While her unshakeable confidence means that success hasn’t come as a total shock, Kelela admits that the whole experience has been a little overwhelming. Having already passed her thirtieth birthday and eclipsed the likes of Cobain, Hendrix, Joplin and Morrison by a full three years, Mizanekristos was hurtling towards musical pensionership. The relief at simply getting the release out there is obvious. “I’ve had this dream my whole life and I haven’t actualised it until now so yes, it’s this immense gratefulness, this feeling of accomplishment. Beyond the reception, once I got it out and it was this body of work – that moment, you can’t really fuck with me now because that’s happened. It was this thing on the outside of me and if you listened to it you would know who I am. Everything on it is the most honest experience. And before anyone liked it I thought it was cute.” If, like me, you’re not accustomed to the parlance, ‘cute’ appears to mean very, very good indeed.

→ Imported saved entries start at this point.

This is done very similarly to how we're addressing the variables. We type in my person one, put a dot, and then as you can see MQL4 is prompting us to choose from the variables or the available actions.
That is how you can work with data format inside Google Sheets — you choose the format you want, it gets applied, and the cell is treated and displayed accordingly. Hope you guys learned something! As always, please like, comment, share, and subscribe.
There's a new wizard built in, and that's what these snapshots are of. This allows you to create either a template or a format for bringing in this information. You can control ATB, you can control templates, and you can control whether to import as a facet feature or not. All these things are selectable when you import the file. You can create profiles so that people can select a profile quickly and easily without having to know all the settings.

And what an entrance it has been. Early on Kelela declared that she wanted to “disrupt” the musical landscape rather than find an existing nook in which to fit. Since then she has teamed up with a host of producers from experimental electronic labels Night Slugs and Fade To Mind and by setting her vocals to the sparse, booming grime production of the likes of Bok Bok, Nguzunguzu, Girl Unit, and Kingdom, she has created a sound that you’ll struggle to draw parallels with. At once alluring and devastating, it’s a disorientating concoction. Fortunately, through multiple interviews, she’s managed to nail her description, and she assures me it’s a Loud And Quiet exclusive. “The vision is this Faith Evans vocal, but take out everything and put Faith Evans over this grime track and then we have exactly what I’m talking about. If I were to be very simple, that’s how I would put it.”

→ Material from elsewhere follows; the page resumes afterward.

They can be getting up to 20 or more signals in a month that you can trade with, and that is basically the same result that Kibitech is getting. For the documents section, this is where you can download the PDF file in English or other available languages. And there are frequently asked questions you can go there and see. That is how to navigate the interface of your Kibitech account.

The sound is a synthesis of a kaleidoscopic range of influences, from straightforward ’90s soul and RnB (“The first voice I fell in love with was probably Whitney Houston.”) to the outer reaches of electronica. Even UK garage gets a mention and she’s not ashamed to admit to her excitement at discovering The Artful Dodger via Napster. “When Napster came out, I remember going over to my friend’s house and they said, ‘OK, tell me any song right now.’ I was like, ‘What do you mean?’” It gave satiety to an appetite for music that’s always been voracious. “When I first downloaded Napster with that black background and green text I would download all this music before going to sleep. I would just click on it all. Like the remix of ‘Say My Name’; I’d never heard the remix!” Kelela would wake up in the morning with a hard drive full of new experiences waiting to happen. “Sometimes even a partial file was mindblowing! That was my first experience of electronic music. So there was music me and my friends would listen to and then there we these alone-in-your-room tracks.”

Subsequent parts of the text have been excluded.